PALO ALTO, Calif. – Shelby Steele, a research fellow at the Hoover Institution at Stanford, recalls his childhood epiphany, the exhilarating and terrifying moment when he first recognized himself as “a separate self,” with independent thoughts. It was his first sense of personal responsibility.
His telling of it, in an essay in Harper’s magazine titled “The Age of White Guilt: And the Disappearance of the Black Individual,” ought to be required reading by the justices of the Supreme Court as they ponder the issues of race-based college admissions.
His personal and painful journey into independent thinking as a black man demonstrates how the good intentions behind affirmative action has crippled the development of black individuality, requiring the measurement of accomplishment and failure in the statistics of group quotas and preferences. The individual, “the separate self,” doesn’t count.

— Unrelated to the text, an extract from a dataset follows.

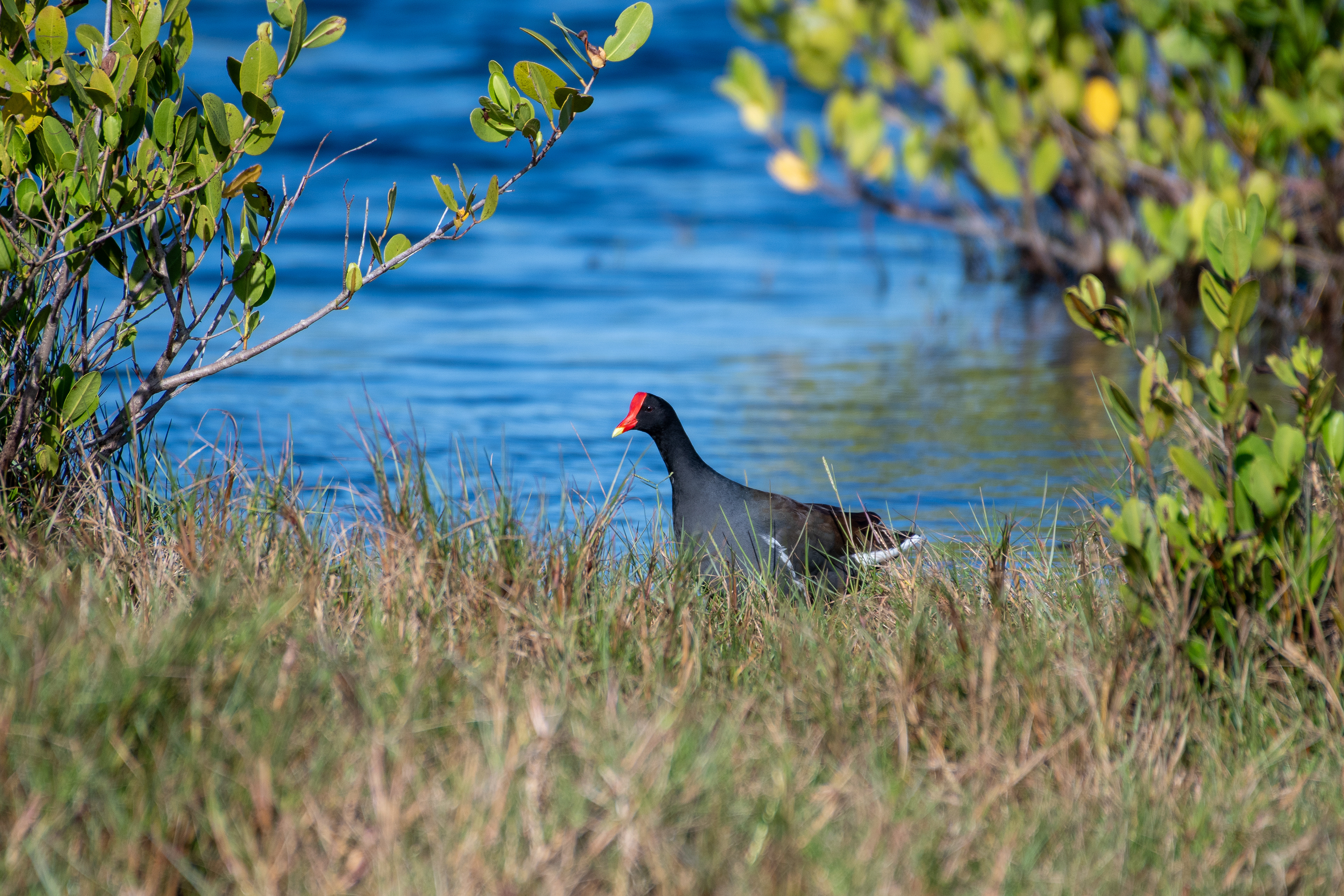 Common gallinule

It’s one of the unintended consequences of good intentions and goes directly to the case the Supreme Court has taken for this term of court. At the University of Michigan, black, Hispanic and Native American applicants to the college get 20 bonus points just for the accident of their birth. A similar mechanism is in place for admission to the law school, too. Other applicants are held to a higher standard. Whites bringing the suit contend they were turned down not for the content of their achievements – or lack thereof – but solely on account of the color of their skin.
For Shelby Steele, the profound message of civil rights after the legislation of 1965 should have been freedom for all individuals (begin ital) in (end ital) the group, not freedom as measured by the group. His favorite picket-sign message in the ’60s read simply, “I am a man.”
When blacks armed themselves with white guilt instead of the power of individual black accomplishment, public discourse resisted obvious truths: “A group is no stronger than its individuals; when individuals transform themselves they transform the group; the freer the individual, the stronger the group; social responsibility begins in individual responsibility.”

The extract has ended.